France won’t ban Huawei, but will encourage 5G telecoms companies to avoid it: report


PARIS (Reuters) – The head of French cybersecurity agency ANSSI said there would be no outright ban on the use of Huawei equipment in the deployment of the French 5G telecommunications network, but that he was pressuring French telecommunications companies to avoid switching to the Chinese company. .

FILE PHOTO: The Huawei logo appears at the IFA consumer technology fair in Berlin, Germany on September 6, 2019. REUTERS / Hannibal Hanschke / File Photo

“What I can say is that there will not be a total ban,” Guillaume Poupard told Les Echos newspaper in an interview. “(But) for operators that are not currently using Huawei, we are urging them not to.”

The United States government has urged its allies to exclude the Chinese telecommunications giant from the next-generation communications from the West, saying that Beijing could use it to spy. Huawei has denied the charges.

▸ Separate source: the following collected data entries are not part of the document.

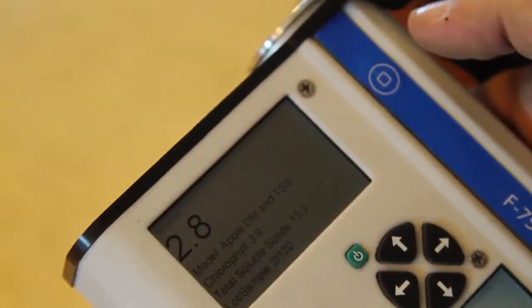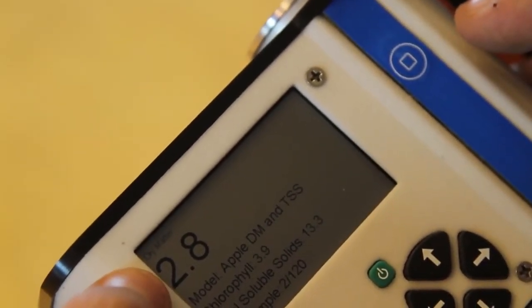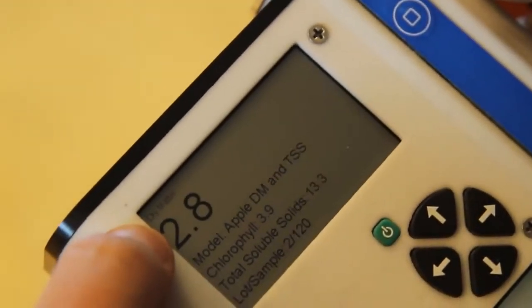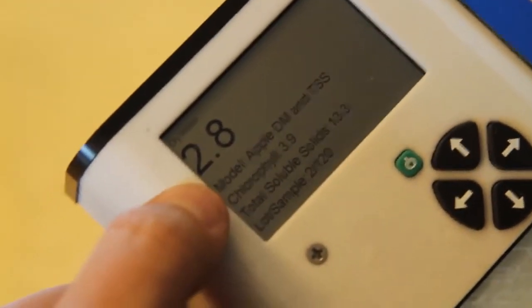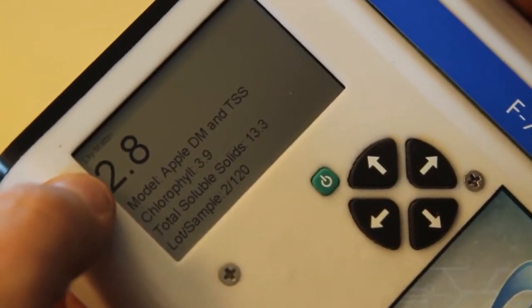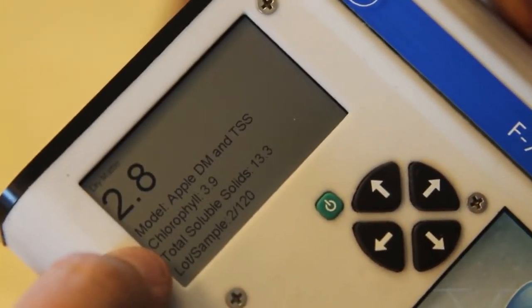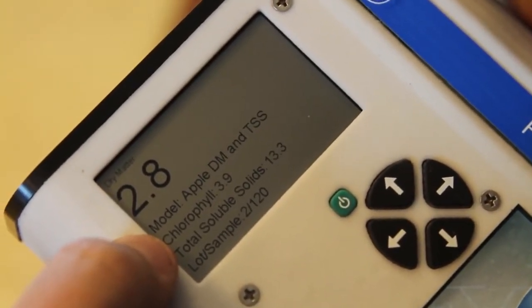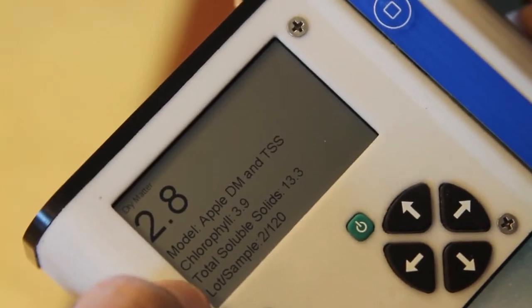As soon as the measurement's made, the instrument displays the data that was recorded and calculated. Here you can see the dry matter score for this apple, along with the chlorophyll index score and the TSS score.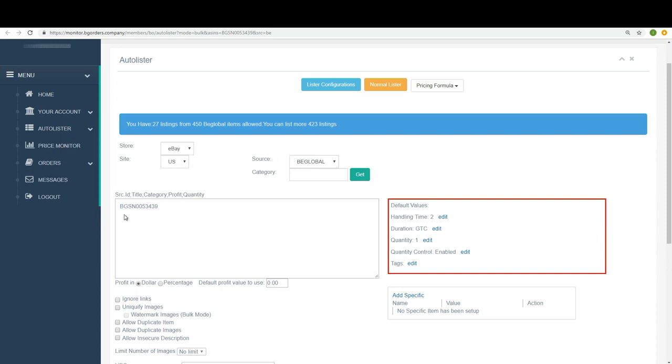Here you can see the BGSN, the BeGlobal serial number I just talked about on the left side. Please do not change it. Then we go to our default values.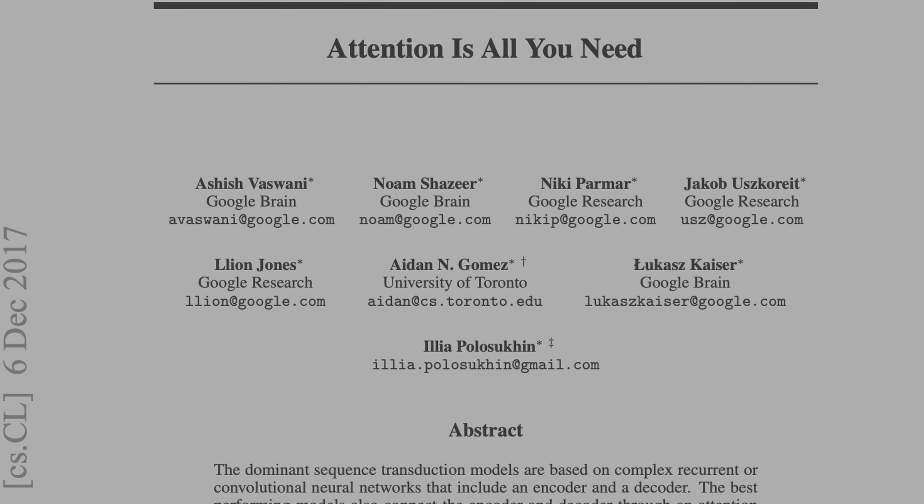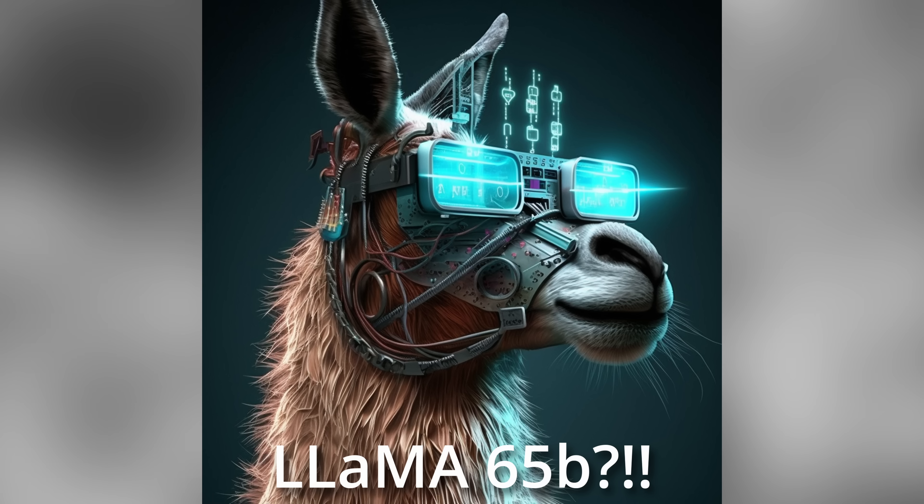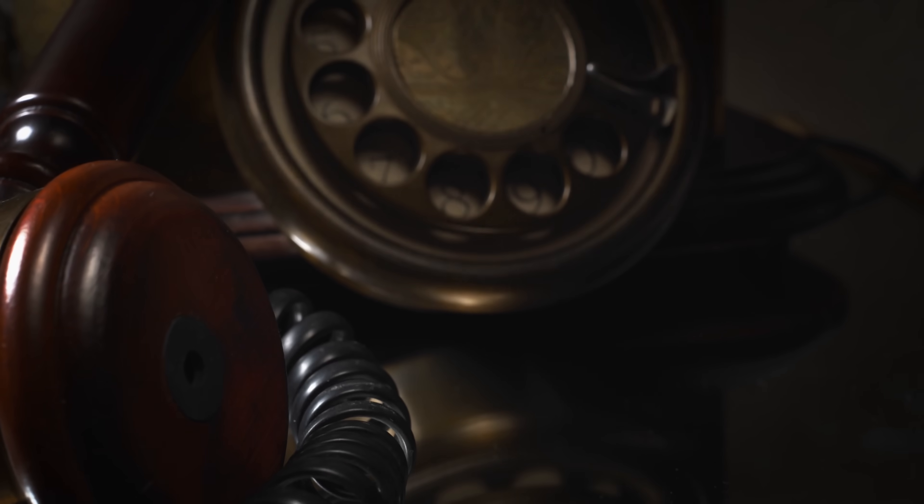This could be the biggest advancement in artificial intelligence since the Transformers model. Imagine being able to run even the largest models on any device at fast speeds. And the best part — it's based on a technology that has been around for decades. I'm going to explain what this is, why it's so important, and how you can start using this today.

Sources told Reuters in March that France would not ban Huawei, but would instead try to keep Huawei off the main mobile network, which carries increased surveillance risks because it processes confidential information such as customers’ personal data.

France’s decision on Huawei’s equipment is crucial for two of the country’s four telecommunications operators, Bouygues Telecom and SFR, as approximately half of its current mobile network is made by the Chinese group.

“For those who are already using Huawei, we are issuing authorizations for durations ranging from three to eight years,” Poupard said in the interview.

State-controlled Orange has already chosen Huawei’s European rivals such as Nokia and Ericsson.

Poupard said that starting next week, operators who have not received explicit authorization to use Huawei equipment for the 5G network may consider a non-response after the legal deadline as a rejection of their requests.

Poupard said the decision was made to protect France’s independence, and not as an act of hostility towards China.

“This is not the Huawei attack or anti-Chinese racism,” said Poupard. “All we are saying is that the risk is not the same with European suppliers as it is with non-European suppliers.”